§ **DATA UNDER STUDY**:
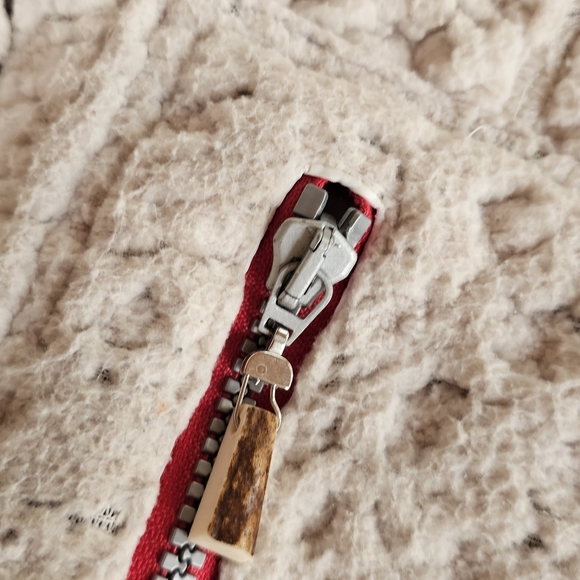 Austrian skiwear company Almgwand reversible ski jacket/ fleece & navy polkdot - Picture 9 of 16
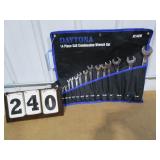 Daytona 14 pc SAE Combination Wrench Set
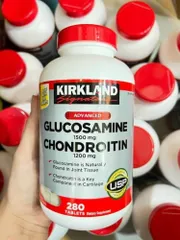 Viên uống bổ khớp Kirkland Signature Glucosamine 1500mg & 1200mg 280V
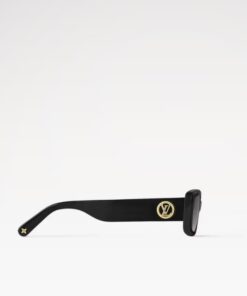 Louis Vuitton LV Circle Cat Eye Sunglasses S00 Black For Women Z2109W - Image 4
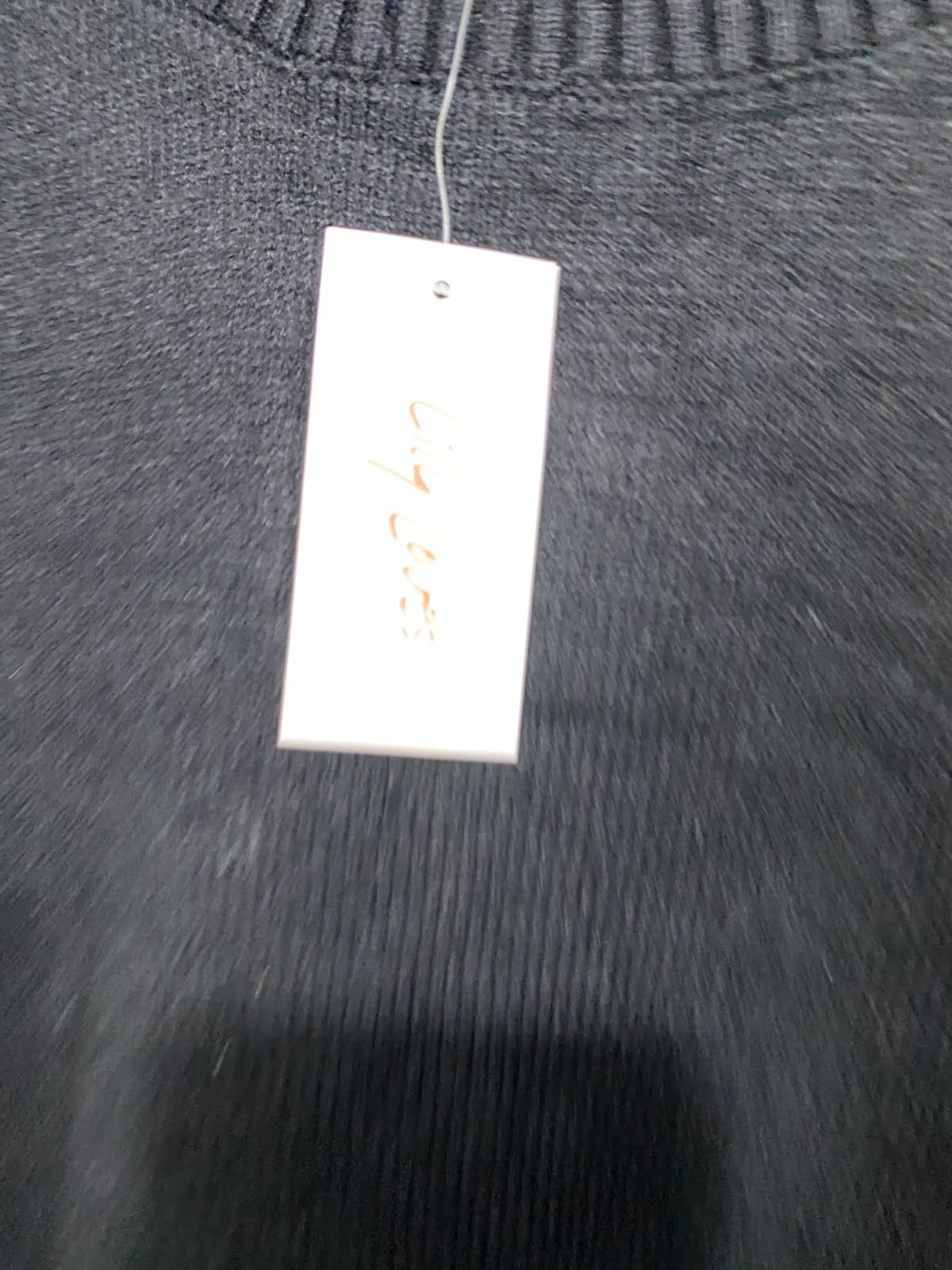 LILY LOVES |XL| BUST 27| A62| BLACK OVERSIZED CREWNECK TECHNICAL UTILITY SWEATER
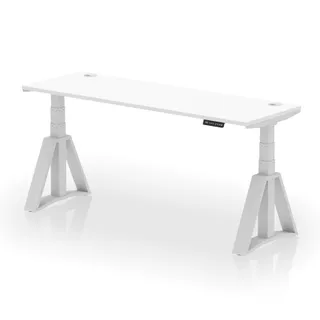 Air Height Adjustable Slimline Desk With Cable Ports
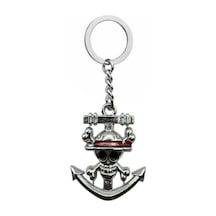 One Piece Korsan Figürlü Metal Anahtarlık Unisex Anime Aksesuar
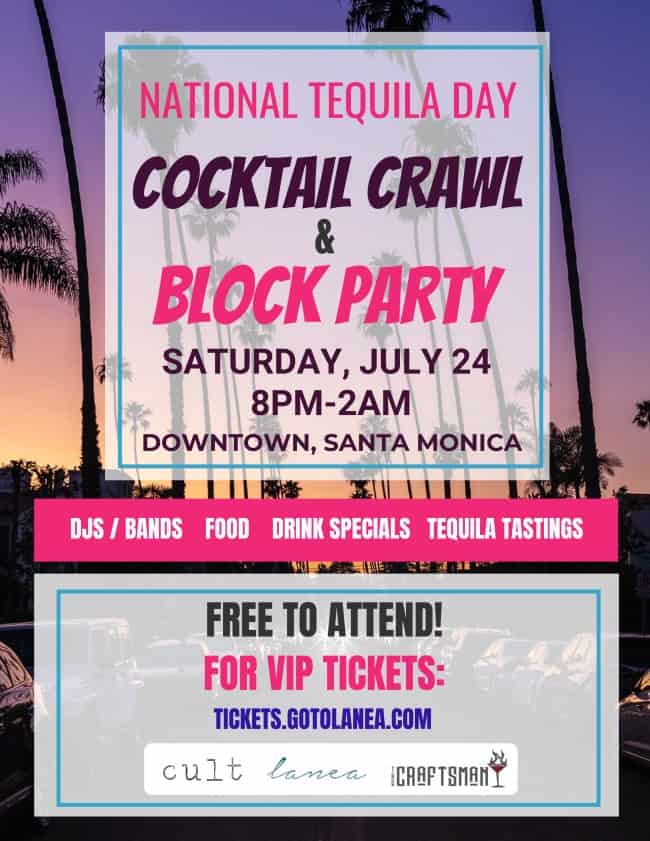 National Tequila Day Cocktail Crawl & Block Party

§ **WHAT YOU HAVE TO DO**: All lines from the beginning of the entries above to the line containing "Viên uống bổ", inclusive, should be printed exactly, apart from the pictures.

§ **EXERCISE SOLUTION**:
 Austrian skiwear company Almgwand reversible ski jacket/ fleece & navy polkdot - Picture 9 of 16
 Daytona 14 pc SAE Combination Wrench Set
 Viên uống bổ khớp Kirkland Signature Glucosamine 1500mg & 1200mg 280V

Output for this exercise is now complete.